Additionally, it would be interesting to conduct sentiment analysis over the investor to understand what their risk appetite exactly is as opposed to asking for the numerical input as they may lack the understanding of how the P2P lending market operates.
Our Inspiration — Original Study
I'm an enthusiast with a deep understanding of data-centric strategies and quantitative algorithms, particularly in the context of loan portfolio optimization. Now, let's delve into the concepts discussed in the article:
-
Introduction to Loan Portfolio Optimization:
- Traditional role of banks in providing loans.
- Evolving needs of smaller businesses in the face of 2020 challenges.
- Rise of the P2P Lending Market due to overlooked challenges by banks.
-
Data-Driven Investment Strategy for Prosper Marketplace:
- Creation of a predictive model for Prosper Marketplace.
- Focus on two fundamental steps for investors: deciding on investment amount and picking "good" loans.
- Importance of understanding correlation and interaction among variables.
-
Datasets and Predictors:
- Utilization of publicly available datasets from Prosper.
- Comprehensive information on loans and 22 variables, including loan amount, interest & fees, duration, credit rating, and loan status.
-
Loan Classification Model:
- Categorization of loans into Completed, Charged Off, Current, and Defaulted.
- Identification of a "good" loan based on goals such as default prediction, early repayment, time of default, or time taken to pay back.
-
Analysis of Loan Terms and Interest Rates:
- Insights from analyzing loan terms (60-month vs. 36-month).
- Interest rate distribution for different loan statuses and grade types.
-
Data Leakage Prevention:
- Identification and prevention of data leakage by disregarding predictors associated with it.
- Correlation analysis to identify predictors like interest paid and principal paid prone to leakage.
-
Calculation of Investor’s Returns:
- Importance of calculating total payments received on each loan.
- Scenario testing under three different return strategies: Pessimistic, Optimistic, and Fixed-horizon.
-
Prosper Rating (Grade) Breakdown:
- Exploration of credit rating trends with different return methods.
- Relationship between grade, default percentage, and interest rates.
-
Predictive Modeling Approach:
- Two-stage approach involving binary classification and regression models.
- Use of industry-standard algorithms and hyperparameter tuning for optimization.
-
Investment Strategies:
- Testing four different investment strategies based on classification and regression models.
- Sensitivity test on portfolio size and its impact on investment return percentage.
-
Optimization Methods:
- Three optimization methods: Maximize total profit, Maximize profit with budget constraint, Maximize profit with risk-return tradeoff.

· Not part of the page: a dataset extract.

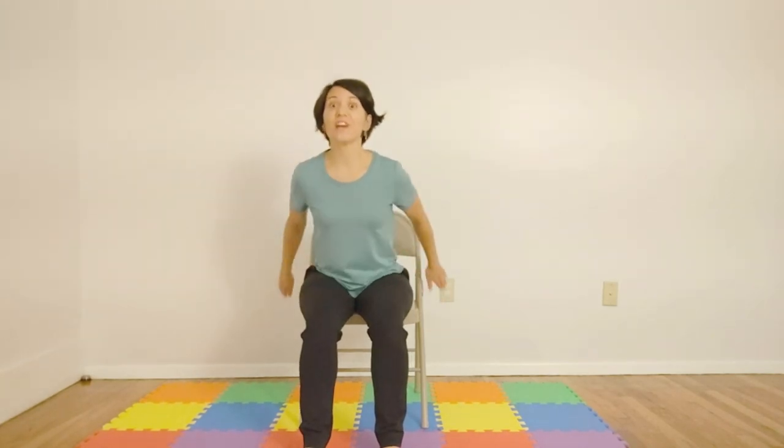Today's yoga will be in a chair, so I do recommend having a chair where you have a greater range of motion. While we're doing this, you want to have both feet squarely on the ground and your knees in a 90 degree angle.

- Identification of the optimal investment strategy for Prosper.
-
Conclusion and Future Considerations:
- Reflection on the utilization of information from different attributes.
- Importance of calibration and multiple iterations in model development.
- Suggestions for future improvements, including tying the model to macroeconomic data and incorporating sentiment analysis.
The article, co-authored by Noah Mukhtar, Shaan Kohli, Shaher yar Jahangir, and Ramy Hammam, provides a comprehensive guide to optimizing a loan portfolio using data-driven strategies and quantitative algorithms. The authors demonstrate expertise in the field, presenting a thorough analysis and actionable insights for investors in the P2P lending market.